Le paiement fractionné

Le paiement fractionné consiste à acquitter les droits de succession en plusieurs versements égaux étalés sur une période d’un an maximum (trois versements espacés de six mois). Le premier versement ayant lieu en même temps que le dépôt de la déclaration de succession.

Par exception, le fractionnement peut être étalé sur trois ans lorsque l’actif de la succession est composé, pour 50 % au moins, de biens peu liquides (brevets d’inventions, fonds de commerces, œuvres d’art…).

En contrepartie de cette « facilité de paiement », les héritiers sont redevables d’intérêts dont le taux est fixé au jour de la demande. Ce taux est égal au taux effectif moyen pratiqué par les banques au cours du quatrième trimestre de l’année précédant celle de la demande pour les prêts immobiliers à taux fixe consentis aux particuliers, réduit d’un tiers et arrondi à la première décimale. Pour 2015, il s’élève à 2,2 %.

Le paiement différé

Le paiement différé a, quant à lui, un champ d’application bien particulier. En effet, il ne peut être utilisé que pour les successions comprenant des biens démembrés. Ce qui est souvent le cas, notamment lorsque le conjoint survivant opte pour l’usufruit de la totalité des biens composant la succession, les héritiers recevant alors la nue-propriété.

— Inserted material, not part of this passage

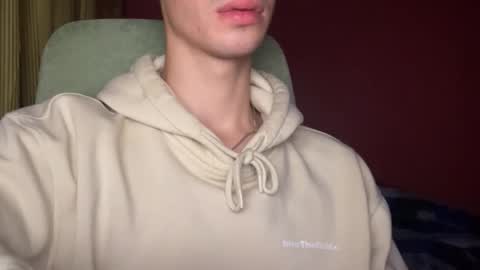 herewegoagain_xd online show from November 12, 2025, 5:13 pm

Ainsi, ces derniers peuvent régler les droits de succession correspondant à la valeur imposable de la nue-propriété dans les six mois suivant la réunion des droits démembrés (au décès du conjoint survivant) ou la cession partielle ou totale de leurs droits. Comme pour le paiement fractionné, les héritiers sont redevables d’intérêts au taux de 2,2 %. Cependant, ils peuvent en être dispensés s’ils acceptent que les droits de succession soient calculés non pas sur la valeur imposable de la nue-propriété qu’ils possèdent mais sur celle de la pleine propriété (au moment du décès). Ce choix étant irrévocable.

À savoir :
en principe, les droits de succession sont payables en numéraire. Toutefois, après accord de l’administration, les héritiers peuvent les acquitter par la remise d’une œuvre d’art, de livres, d’objets de collection, etc.